Awal Mula Kedekatan Kolaborasi Politik dan Bisnis
Pada Januari 2025, Elon Musk resmi bergabung dalam lingkaran
pemerintahan Donald Trump sebagai Wakil Kepala Department of Government
Efficiency (DOGE). Penunjukan ini diyakini sebagai bentuk penghargaan atas
dukungan Musk selama kampanye presiden.
Keduanya tampak akur dan saling melengkapi Trump dengan
kekuatan politik populisnya, Musk dengan pengaruhnya sebagai tokoh teknologi
global. Ini seolah menunjukkan aliansi antara sektor swasta dan pemerintahan
yang bisa menghasilkan perubahan besar.
Pecahnya Hubungan RUU yang Mengundang Kemarahan
Retakan mulai muncul ketika Trump mengumumkan rancangan
undang-undang ambisius berjudul One Big Beautiful Bill pada awal Juni. RUU
tersebut diklaim bisa memangkas pengeluaran negara hingga US$1,6 triliun.
Alih-alih memberikan dukungan, Musk mengecam habis-habisan
isi RUU tersebut. Ia menyebutnya "menjijikkan" dan mengubah namanya
menjadi Slim Ugly Bill sebuah sindiran tajam. Ia juga menyebut para pendukung
RUU itu sebagai “tak tahu malu”, memperlihatkan ketidaksenangannya secara
terbuka.
Serangan Balik Trump Ancaman dan Sindiran
Trump, yang tidak dikenal sebagai sosok yang menerima kritik
dengan santai, membalas serangan Musk dengan tudingan bahwa CEO Tesla itu
“gila”. Ia bahkan menyiratkan kemungkinan penghentian subsidi pemerintah
terhadap perusahaan-perusahaan milik Musk seperti Tesla dan SpaceX.
Pernyataan itu tidak hanya memperkeruh suasana, tapi juga
berdampak langsung terhadap pasar saham. Dalam waktu tiga hari, saham Tesla
turun signifikan dari US$342 menjadi US$295.
Dampak Ekonomi dan Simbolik Bukan Sekadar Perselisihan
Pribadi
Konflik ini menjadi tontonan publik yang tidak hanya
melibatkan dua figur besar, tapi juga memicu ketidakstabilan di pasar. Bahkan
beredar kabar bahwa Trump akan menjual mobil Tesla miliknya sebagai bentuk
simbolik dari kekecewaannya terhadap Musk.

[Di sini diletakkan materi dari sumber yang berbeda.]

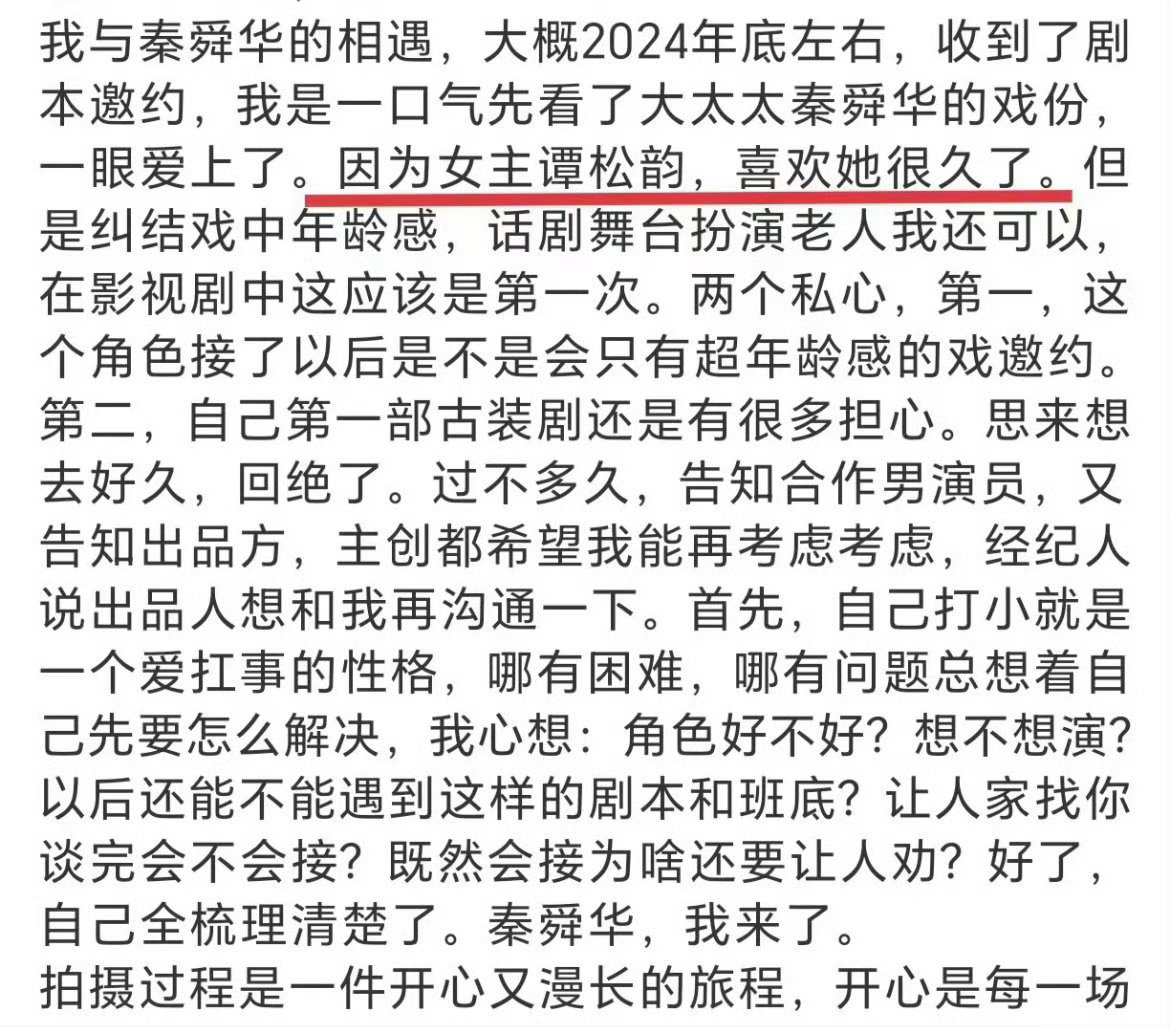 #兰香如故24年就定了女主谭松韵# 谭松韵简直是天选啊  适配度也太高了 演技又好 ​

Apa yang awalnya tampak sebagai persahabatan berbasis
kepentingan kini berubah menjadi kompetisi ideologis dan ekonomi. Dan publik
menjadi saksi atas pertarungan dua kekuatan besar satu dari dunia politik,
satu dari ranah teknologi.
Ketika Kepentingan Tak Lagi Sejalan
Hubungan antara Trump dan Musk adalah potret klasik dari
kolaborasi yang dibangun atas dasar strategi dan kekuasaan. Namun ketika arah
tujuan mulai berseberangan, konflik menjadi tak terhindarkan.
Kini, mereka bukan lagi sekutu. Mereka berdiri sebagai rival
diruang public mewakili dua sisi yang berbeda dari Amerika satu yang mencari
kontrol, satu yang mendorong disrupsi. Dan siapa yang akhirnya akan lebih
didengar publik, masih menjadi pertanyaan terbuka.